# Palmerston Fort, UK - July 2016



## SlimJim (Jul 4, 2016)

*The Return of Konrad 3 (Part 2): Your Twigs Can't Stop the 'Ballz'*

Visited with Konrad.

Konrad is still with us and we've been getting into some sticky situations these last few weeks  After the incident with the Falcon (close encounter with a loose dog/loosing my GoPro on site(found it in the end)), I was well up for something more chill...

This one's an old favourite of our's. I've perhaps been here 4 or 5 times and there's still some small parts of it I haven't yet seen. Getting in was a bit of a slog, especially with heavy packs, but it was all worth it in the end.

Wandering around in the dry ditch.






Mr.Ballz atop a gun emplacement. You can see increment markings painted inside.





Courtyard.





Internal areas.





Stove. You'd need it! I've done a few winter explores here and it's bitter!





More internal areas...although slightly more crusty!





Corridor.





Showers/troughs of some sort.





Stairs.





Very cool bathroom!





We had some rope gear on us with the intention of using it for other mischief. It's a damn sight easier to rope down than risk even a low free climb.





Underground passage. Konrad managed to get some lighting on!





Bit of video to round it off...


Big ups to Konrad for supplying a big crate of Coke and for the Nicotine fixes.

With the crew complete and together at the moment the creative juices are flowing. More splores and chaos on the way...

Thanks for looking!


----------



## Dick Derpin (Jul 4, 2016)

Nice report sir! I do need to go back here and see some more. This place has to have one of the most fun entrances ive done.


----------



## degenerate (Jul 5, 2016)

Real nice that, love the videos as always - glad you found your go-pro!


----------



## Conrad (Jul 5, 2016)

Solid write up and video Jim, I really do like this fort as it's so well preserved.


----------



## krela (Jul 5, 2016)

Great report SJ.


----------



## HughieD (Jul 5, 2016)

That's top notch exploring!


----------



## Dirus_Strictus (Jul 5, 2016)

Nice photographs here! Your photograph of 'showers/troughs of some sort' is the 'Other Ranks' shaving and morning ablution room, the bathroom with two baths is the 'Officers' facility' - evidently officers never took a bath on their own it seems!!


----------



## SlimJim (Jul 5, 2016)

Dirus_Strictus said:


> Nice photographs here! Your photograph of 'showers/troughs of some sort' is the 'Other Ranks' shaving and morning ablution room, the bathroom with two baths is the 'Officers' facility' - evidently officers never took a bath on their own it seems!!

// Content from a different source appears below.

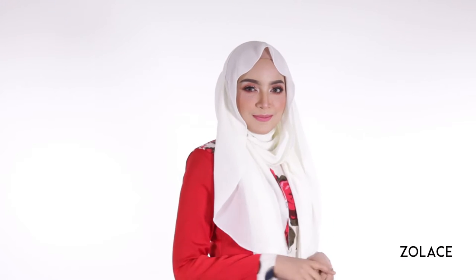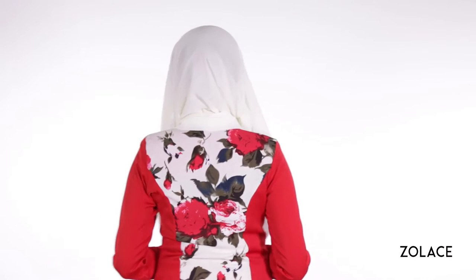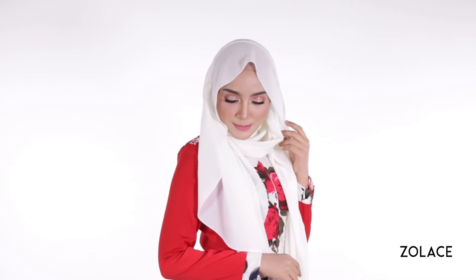Hey Solace fans! Welcome back to another edition of Hijab Friday. If you've ever thought Siti Nordiana had good style, like we do, then today's look is everything you'll ever need. We found a way to recreate her elegance and style by using a shawl to enhance not only your face shape,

Ahhh very interesting! Yes...does seem a bit...cosy


----------



## zender126 (Jul 5, 2016)

Nice one :notworthy:
Theyve really cleaned it up since i last went. Any access to the middle caponier?


----------



## SlimJim (Jul 5, 2016)

zender126 said:


> Nice one :notworthy:
> Theyve really cleaned it up since i last went. Any access to the middle caponier?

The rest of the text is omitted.